Sermon for All Saints-by-the-Sea, Proper 11, July 20, 2008
by The Rev. Ann Symington
The Parable of the Wheat and the Weeds
Matthew 13: 24-30, 36-43

In Godly Play, parables are contained in golden boxes.  The storyteller tells the children that parables are old, very valuable and mysterious.  They are told that the parables are gifts for each of us from Jesus.  The storyteller continues by pointing to the lid on the box and explaining that, often, the lid stops us from opening a parable.  Even if we are really ready to explore a parable it is sometimes hard to open it.  Even if we are able to open a parable we may have to go back to it many times to fully sift through its many layered spiritual realities.  They are just like that.  Unless our hearts are closed like the lid on the box, parables can give us something each time we go back to them.  Parables challenge our everyday view of life.  They wake us up to what we have not seen before.  Parables question the status quo, the order imposed by tradition, power or class.  They are meant to disturb…to make us squirm a bit…or maybe to make us squirm alot.  This is the reason that parables often got Jesus in trouble.  It is the reason that Christians have sometimes redefined parables in ways that comfort rather than challenge.  So let’s see if we can take the lid off the parable of the wheat and the weeds.  I wonder what mysteries we might find inside.

Today’s Gospel is about a field in which the wheat and the weeds are growing together.  They were not meant to be growing together.   This happened through the evil intentions of an enemy of the farmer who planted the good seeds of wheat. In Jesus’ time this was such a common way of exacting vengeance that the Romans passed a law against it. These weeds or tares are said to actually entwine their roots around the roots of the wheat.  So the good and the evil plants are actually enmeshed both above and below the earth.  The slaves of the householder want to do immediately what any good gardener would want to do…yank out those weeds! This is somewhat akin to our eagerness to remove the speck from our neighbor’s eye, ignoring the log in our own.  We rush to solutions, especially those that involve another person’s faults.  But in today’s parable, the farmer instructs them to do what is counterintuitive.  He tells them to let them grow together until the time of the harvest. Only then - at harvest time- may the good wheat be separated from the evil weeds that have literally tried to choke the life from them.  In the explanation of the parable we are told that there will definitely be a harvest time but we are not told exactly when that will be.  Since it will be in God’s time is there not the possibility that weeds can become wheat before then?  This would indeed be a mystery, and a miracle grown in the good earth of God’s mercy!
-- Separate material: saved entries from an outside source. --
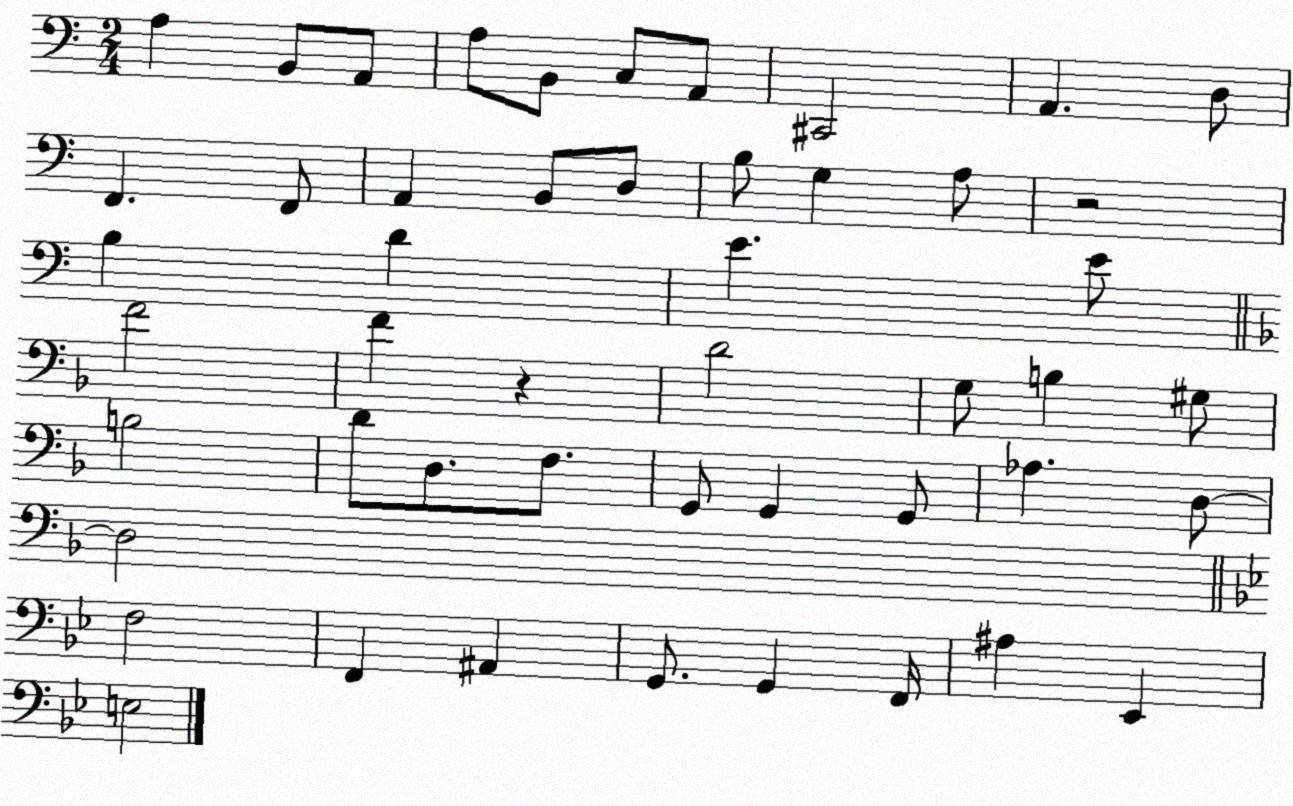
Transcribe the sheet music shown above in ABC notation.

X:1
T:Untitled
M:2/4
L:1/4
K:C
A, B,,/2 A,,/2 A,/2 B,,/2 C,/2 A,,/2 ^C,,2 A,, D,/2 F,, F,,/2 A,, B,,/2 D,/2 B,/2 G, A,/2 z2 B, D E E/2 F2 F z D2 G,/2 B, ^G,/2 B,2 D/2 D,/2 F,/2 G,,/2 G,, G,,/2 _A, D,/2 D,2 F,2 F,, ^A,, G,,/2 G,, F,,/4 ^A, _E,, E,2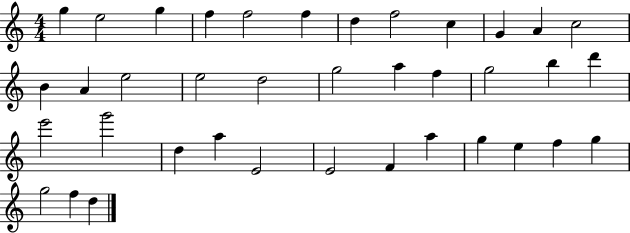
G5/q E5/h G5/q F5/q F5/h F5/q D5/q F5/h C5/q G4/q A4/q C5/h B4/q A4/q E5/h E5/h D5/h G5/h A5/q F5/q G5/h B5/q D6/q E6/h G6/h D5/q A5/q E4/h E4/h F4/q A5/q G5/q E5/q F5/q G5/q G5/h F5/q D5/q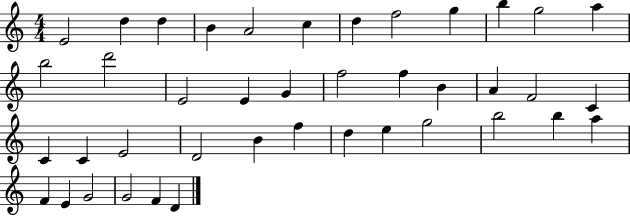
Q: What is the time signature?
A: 4/4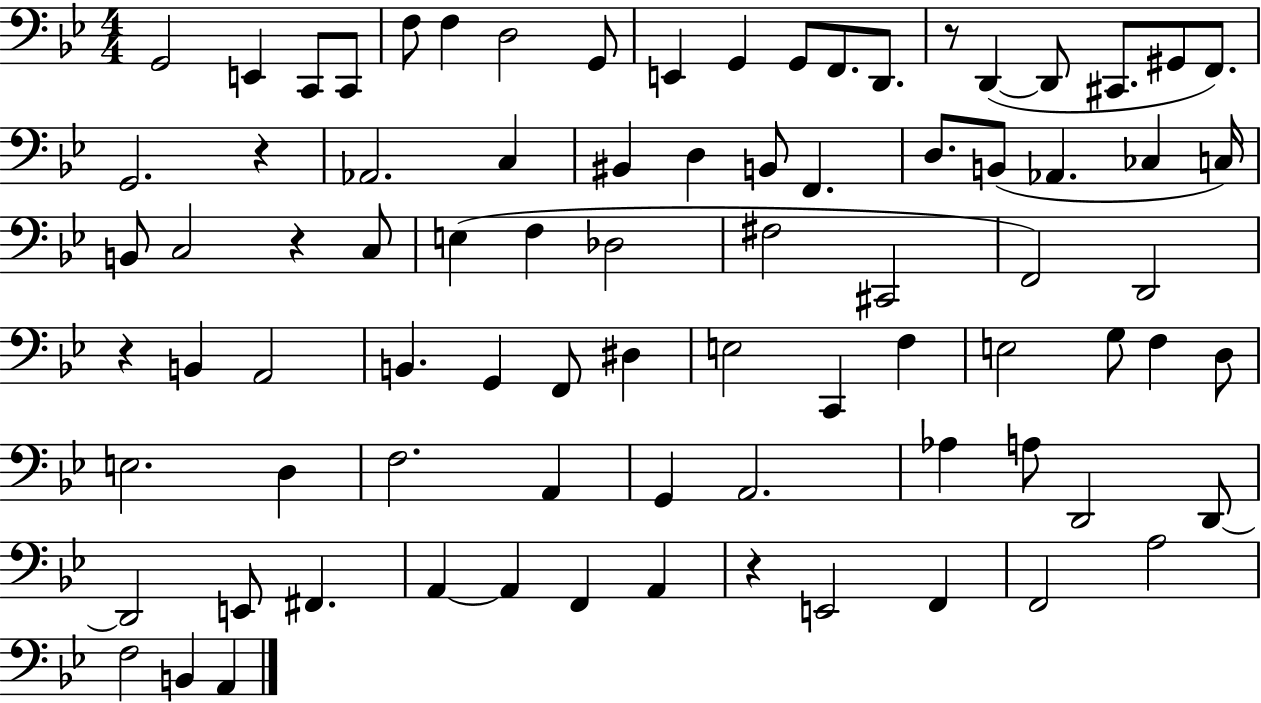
G2/h E2/q C2/e C2/e F3/e F3/q D3/h G2/e E2/q G2/q G2/e F2/e. D2/e. R/e D2/q D2/e C#2/e. G#2/e F2/e. G2/h. R/q Ab2/h. C3/q BIS2/q D3/q B2/e F2/q. D3/e. B2/e Ab2/q. CES3/q C3/s B2/e C3/h R/q C3/e E3/q F3/q Db3/h F#3/h C#2/h F2/h D2/h R/q B2/q A2/h B2/q. G2/q F2/e D#3/q E3/h C2/q F3/q E3/h G3/e F3/q D3/e E3/h. D3/q F3/h. A2/q G2/q A2/h. Ab3/q A3/e D2/h D2/e D2/h E2/e F#2/q. A2/q A2/q F2/q A2/q R/q E2/h F2/q F2/h A3/h F3/h B2/q A2/q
Today’s Gospel calls for patience and mutual forbearance to be exercised among those who await the harvest.  Rather than being at odds with one another over who is more worthy or more prepared or more right the Matthean Jesus advises leaving such decisions to God.  The parable calls us to be careful about labeling others as the label can become so enmeshed in a person’s psyche that it chokes the life from them.  Such labeling disallows the possibility of grace, of growth, and of transformation.  Conversely, the labels we often affix to ourselves, good, upright, exemplary, can also be something of a burden in that we tend to identify with those labels and then neglect to do the daily and deliberate work that might make the label true.  Aware as he was of the human condition, Jesus encouraged his disciples to forego the desire to label themselves or others: wheat or weeds; Jew or gentile; servant or free; heretic or saint.  Rather he taught that if we are to be his disciples we should be working fervently and faithfully to welcome the good seed of God’s word so as to be ready to welcome the eschatological harvest in God’s good time.

It is not hard to find contemporary examples of what Jesus is teaching in this parable.  We find this labeling happening in the Anglican Communion.  The Episcopal Church is certainly being labeled a weed by many in the Global South.  The discussions at Lambeth continue the dialogue surrounding the choices that have been made within the American church.  Some call those choices weeds and others call them wheat.  If we are to be faithful to the teaching of this parable we must find ways to be prayerfully patient and forbearing with one another.  This is not just a good way to be or the right thing to do it is what God is commanding us to do.  I realize that being so is counterintuitive to us but if we are to take the hard sayings of Jesus to heart it is what we must do. By loving one another and letting God be God we tend our fields and prepare them for the harvest.

Ralph Waldo Emerson asserted that a weed “ is a plant whose virtues have not yet been discovered.”  Perhaps this is the hope in which we are saved!  Certainly, this is what is meant by grace.  Realizing that the harvest could come at any time we need to be with God in Christ by hearing and living his word, by being the Body of Christ in this place and in the world, by sharing in the sacraments and prayers so that we can be helped to remove the weeds of sinfulness that consume and choke us.  Instead of all our striving as we rush to judgment, as we attempt to plant weeds in our neighbors’ fields might it not be possible to change or to transform the outcome?  If we practice forbearance, patience and love we could reconcile ourselves to each other and then arrive at God’s harvest as whole wheat worthy of being gathered into the Master’s storehouse.